The words on the cards I give are very significant to me- both what is printed and what I write. I want it to represent something special about my relationship with the person that will receive it. Language is important. Nuance is crucial.
So why is it that greeting card companies feel it is their sacred duty to write very personal, specific and long birthday messages in most cards printed for the mass market? I want to say nice things to the people I love, but I want to be the one to say them. In my own handwriting. Using my own brain. Why is it so hard to find a card with just “Happy Birthday” inside? Many cards are so garrulous that there is no room left for real sentiment. And if I do find a simple card, why does it most likely have an embarrassingly ugly picture on the front? These are the things that keep me up at night.

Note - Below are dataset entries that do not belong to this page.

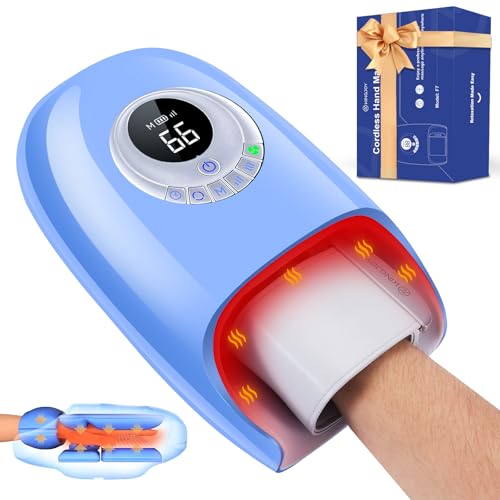 Hand Massager with Heat and Compression for Arthritis, Carpal Tunnel Relief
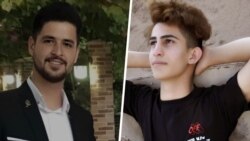 محمد بروغنی (راست)‌ و محمد قبادلو 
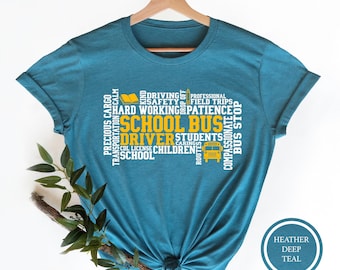 School Bus Driver Shirt, Appreciation Gift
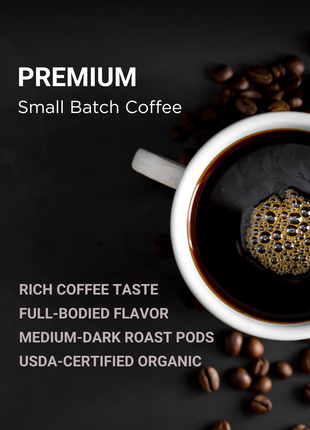 Organic Coffee + 2000mg Mushrooms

The most ridiculous of the bunch are the cards that open with a phrase like, “I cannot begin to tell you what your friendship means to me…” and then they go on to fill the card with at least ten minutes of sappy poetry. In the first place, the phrase “I cannot begin to tell you” makes me want to gag myself on a book of clichés- especially when I see it in writing. And then to fill both panels of the inside with barely-skim-worthy verse seems to underline the insult. I will not even begin to address the shameful use of handwriting fonts.
The entire tradition of giving birthday cards sparks a legitimate debate on cultural manipulation and advertisement, but I will admit that I like to make my friends feel special by writing them a note for their birthdays. I suppose I could make birthday cards, but I’m not generally that crafty. I try to buy blank cards when I can find them, but there’s never a guarantee they’ll be on the rack (and most of them are obvious Thank You cards anyway). Until I muster more creative initiative, I suppose that I am doomed to spend a ridiculous amount of time searching that sea of paper.
And friend, if you see me wandering up and down the card aisle in an endless search for an ideal birthday greeting, please remind me that not everyone takes it quite so seriously.